4.4 If a share or a share option is held jointly by multiple parties, the joint shareholders or option holders shall be represented in their dealings with the company by a single person authorised in writing by all the joint shareholders or option holders.
5.1 The issuance of shares shall require a resolution by the general meeting, which also stipulates the issue price and other terms. The nominal value of a share shall be paid up when the share is acquired, notwithstanding the provisions of the second sentence of Article 2:191, clause 1, of the Civil Code.
5.2 The general meeting may transfer the authority conferred upon it by the preceding clause to another organ of the company, and may subsequently revoke any such transfer.
5.3 In the event of a share issue, each shareholder shall be granted a preferential option to acquire further shares proportionate to the aggregate nominal value of the shareholder's holding on the day of issue. Any such preferential option shall be non-transferrable. In the context of a given share issue, preferential options may be limited or withheld by a resolution of the general meeting. If, pursuant to Article 5.2, the general meeting has transferred the authority referred to in Article 5.1 to another organ of the company, the authority referred to in the preceding sentence shall similarly rest with that other organ of the company for a similar duration.

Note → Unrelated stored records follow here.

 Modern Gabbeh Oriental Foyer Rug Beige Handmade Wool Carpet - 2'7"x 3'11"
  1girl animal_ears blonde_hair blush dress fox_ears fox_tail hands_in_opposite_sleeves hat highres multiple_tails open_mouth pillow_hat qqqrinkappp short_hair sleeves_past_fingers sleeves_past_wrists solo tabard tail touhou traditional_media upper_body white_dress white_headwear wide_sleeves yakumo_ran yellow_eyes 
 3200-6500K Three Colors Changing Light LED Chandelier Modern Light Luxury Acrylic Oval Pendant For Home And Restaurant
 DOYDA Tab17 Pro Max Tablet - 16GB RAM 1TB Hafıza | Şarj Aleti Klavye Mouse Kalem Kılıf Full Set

5.4 The provisions of the preceding clauses of this article shall apply equally to the granting of share options.
5.5 The provisions of the preceding clauses of this article shall apply equally to the granting of share options.

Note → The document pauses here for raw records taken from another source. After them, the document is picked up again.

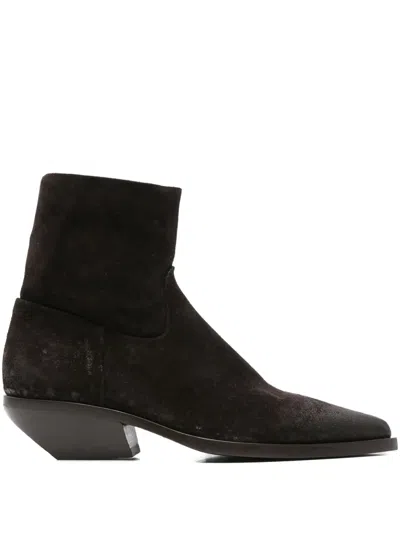 Elena Iachi Pointed-toe Suede Ankle Boots In Brown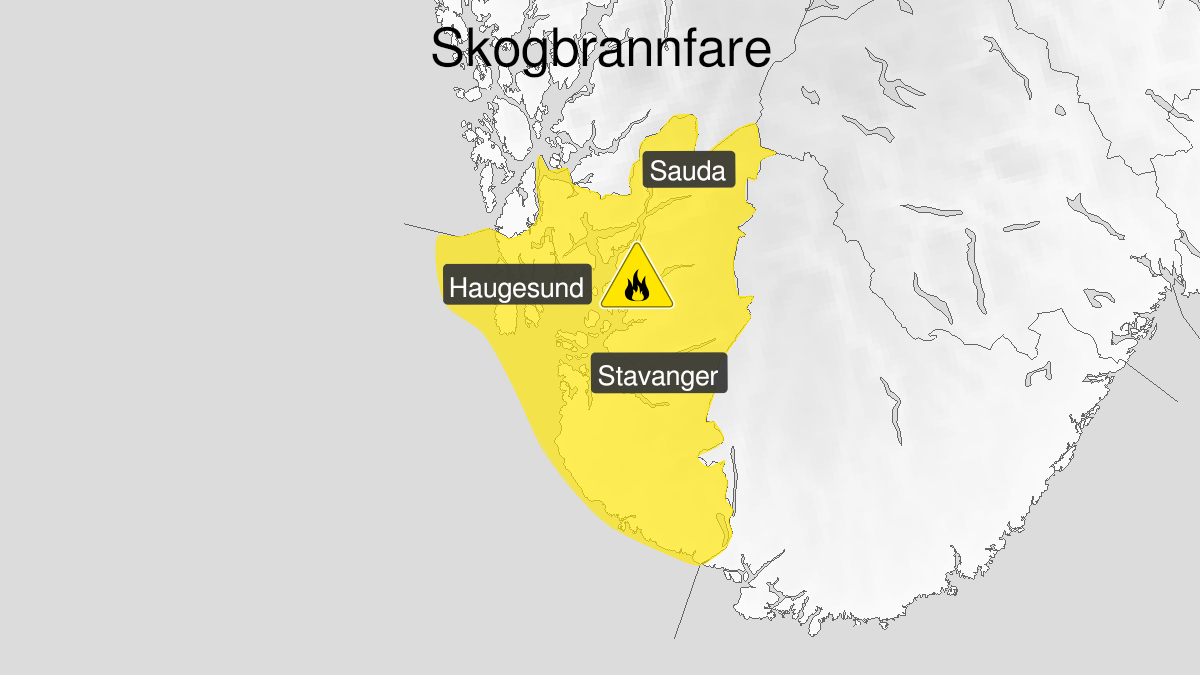 Kart over Skogbrannfare, gult nivå, Rogaland, 2024-05-12T06:00:00+00:00, 2024-05-26T12:00:00+00:00
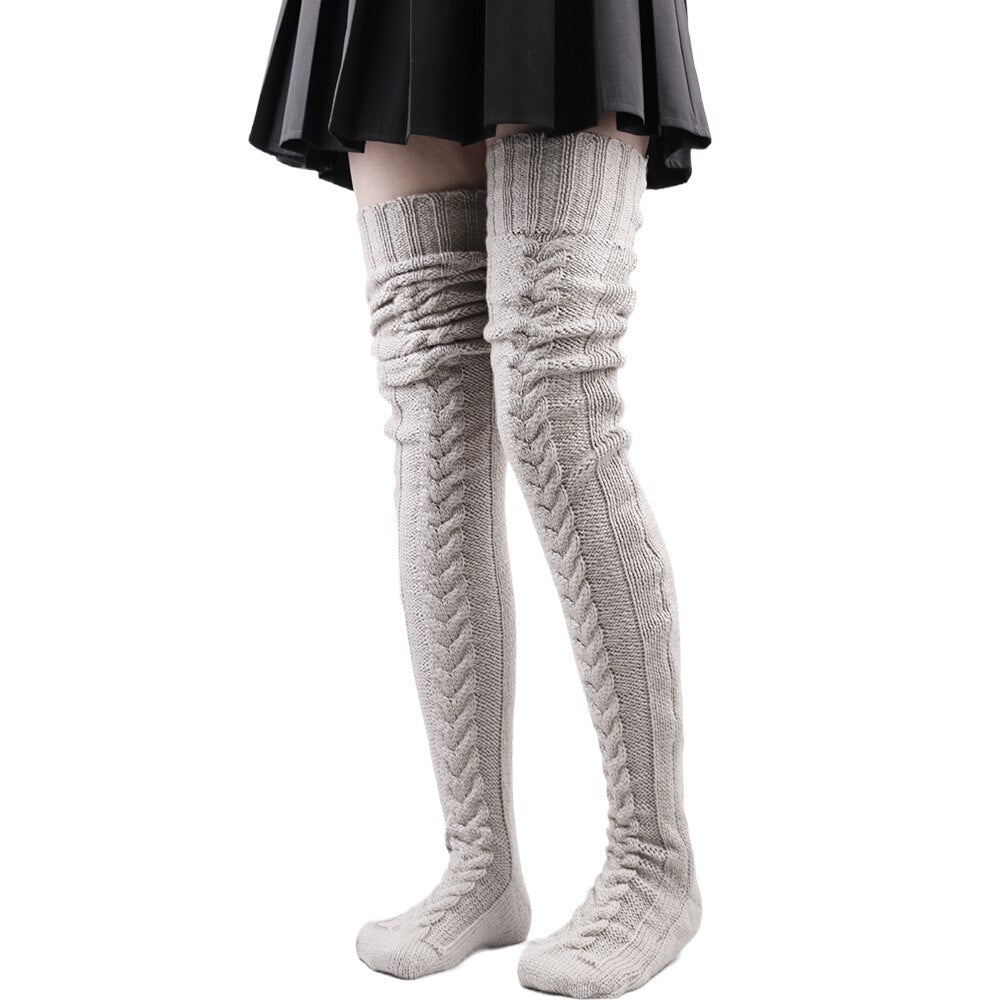 Wool Thigh High Winter Socks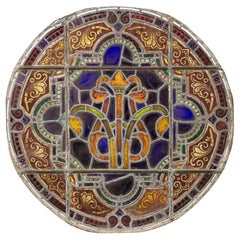 Large Ecclesiastical Roundel Stained Glass Panel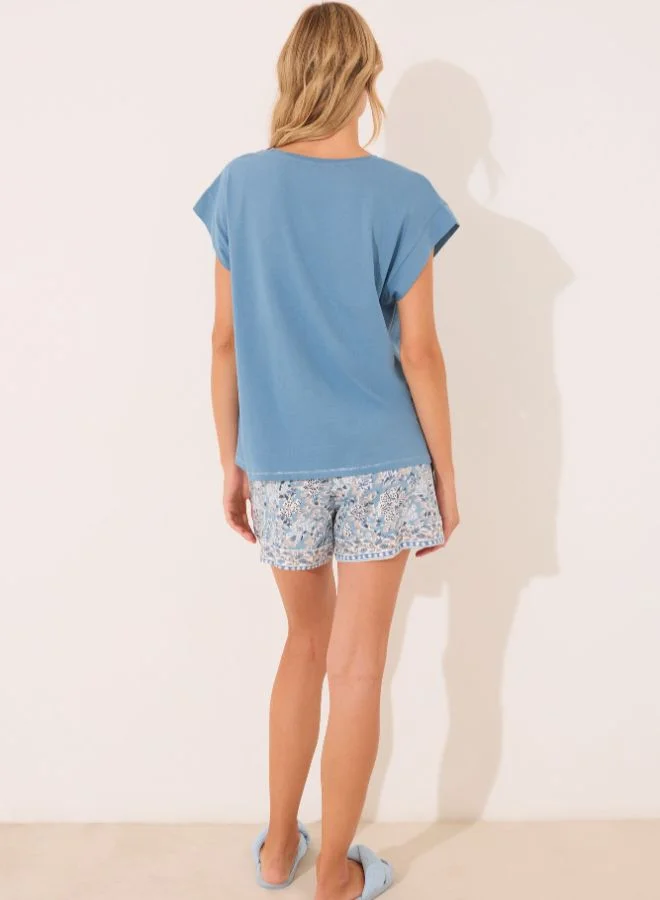 women'secret 100% Cotton Floral Short Pyjamas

6.1 The company shall not acquire shares in its own capital in the context of a share issue.
6.2 The executive board shall decide whether shares in the capital of the company are to be acquired. The acquisition by the company of unpaid shares in the company's capital shall be invalid.
6.3 Unless the acquisition is at no cost, the company shall not acquire paid-up shares in its own capital if:
a) the company's equity capital, minus the acquisition price, would be less than the reserves that must be held to comply with the law or these Articles of Association; or
b) the executive board knows or may reasonably anticipate that, following the acquisition, the company will be unable to continue servicing its debts.

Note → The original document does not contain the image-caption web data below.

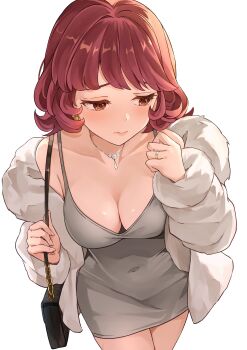 1girl absurdres b1ack_illust bag blush breasts brown_eyes cleavage closed_mouth collarbone covered_navel dress earrings fingernails grey_dress handbag highres idolmaster idolmaster_million_live! idolmaster_million_live!_theater_days jacket jewelry lips necklace nonohara_akane&#039;s_mother red_hair ring short_hair simple_background sleeveless sleeveless_dress solo standing white_background white_jacket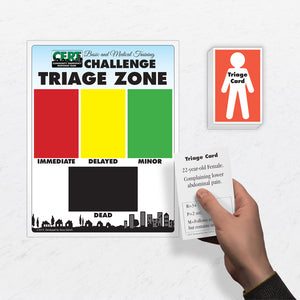 1 Triage Zone game board and 1 set of Triage cards showing RPM (Remote Patient Management) patient values.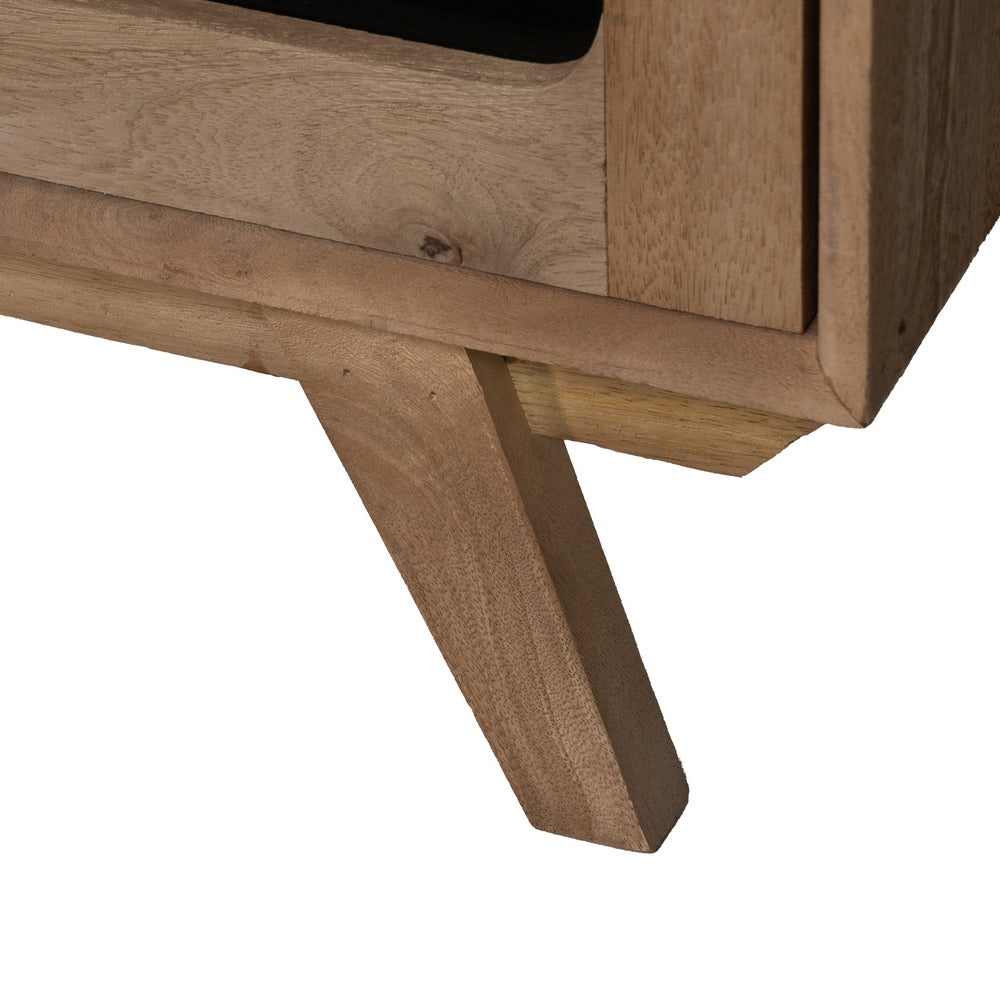 NATURAL MANGO WOOD TV CABINET LIVING ROOM 180 X 40.50 X 48 CM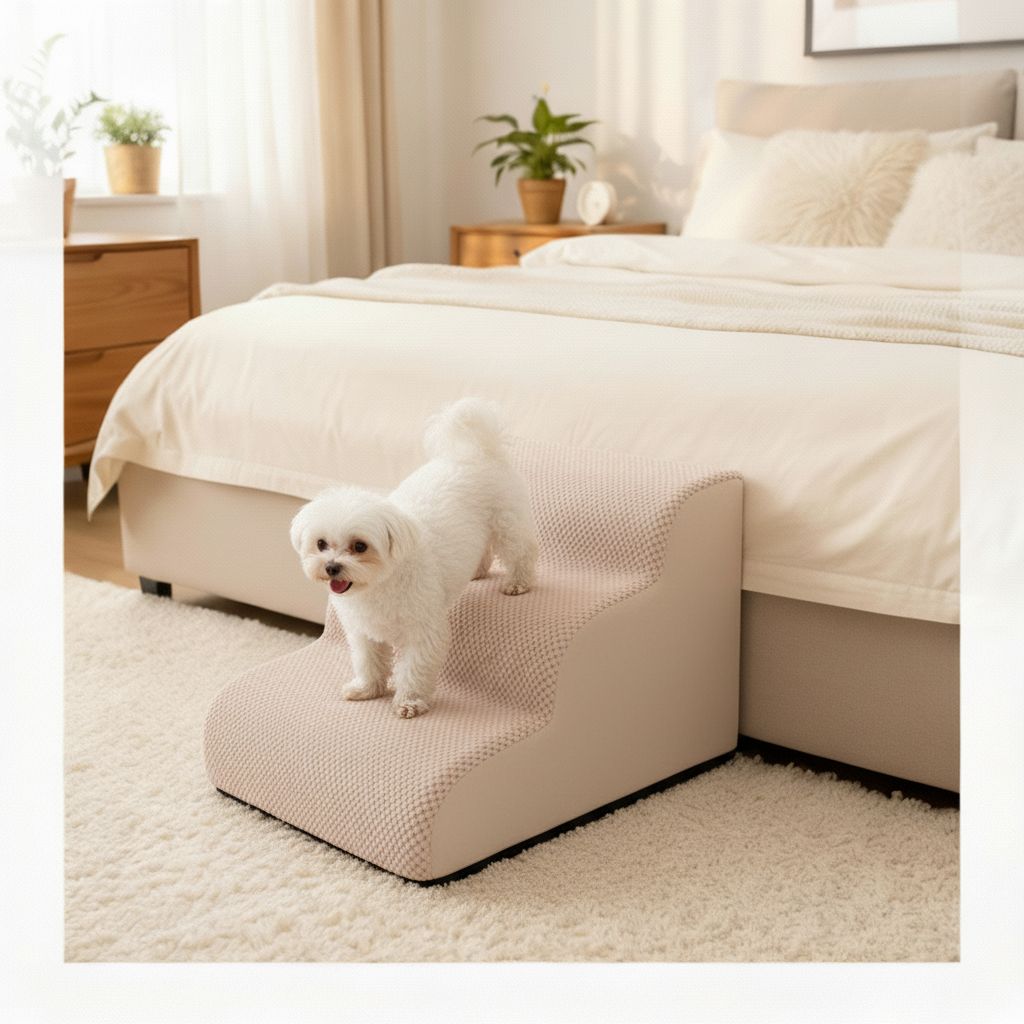 Three-tier high-density foam dog stairs with neutral cover for home decor - vivaessencepet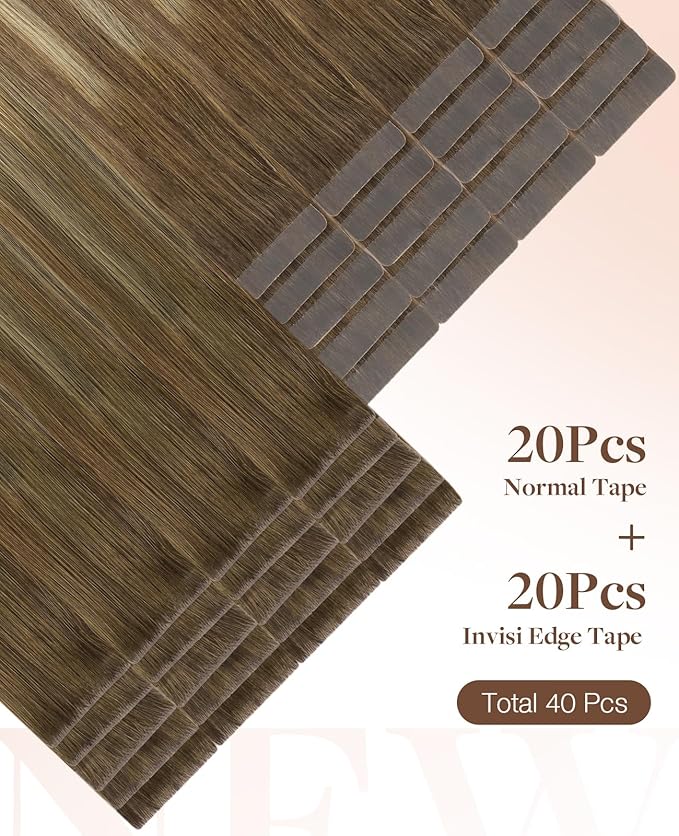 GOO GOO Invisi Edge Tape in Hair Extensions Human Hair, 3/8/613 Walnut Brown to Ash Brown and Bleach Blonde 20pcs injected with 20pcs classical tape ins, 24inch 100g, Virgin Remy Hair, Natural Look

6.4 If, following an acquisition, the company is unable to continue servicing its debts, all executive board members who, at the time of acquisition, knew or should reasonably have anticipated that such a situation would arise shall be jointly and severally liable to the company for the shortfall arising out of the acquisition, plus interest at the statutory rate, calculated from the date of the acquisition. The other provisions of Article 2:207, clause 3, of the Civil Code shall apply in that context. If the transferor of the shares in question knew or should reasonably have anticipated that the company would be unable to continue servicing its debts, the transferor shall be liable to the company for the shortfall arising out of the acquisition, insofar as that shortfall does not exceed the acquisition price of the shares in question, plus interest at the statutory rate, calculated from the date of the acquisition. If the executive board members have settled their liabilities arising out of the first sentence of this clause, the payment to the executive board members referred to in the previous sentence shall be pro rata to the portion of the liability settlement made by each individual executive board member. Neither the executive board members nor the transferor shall be entitled to offset their liabilities arising out of the provisions of this article.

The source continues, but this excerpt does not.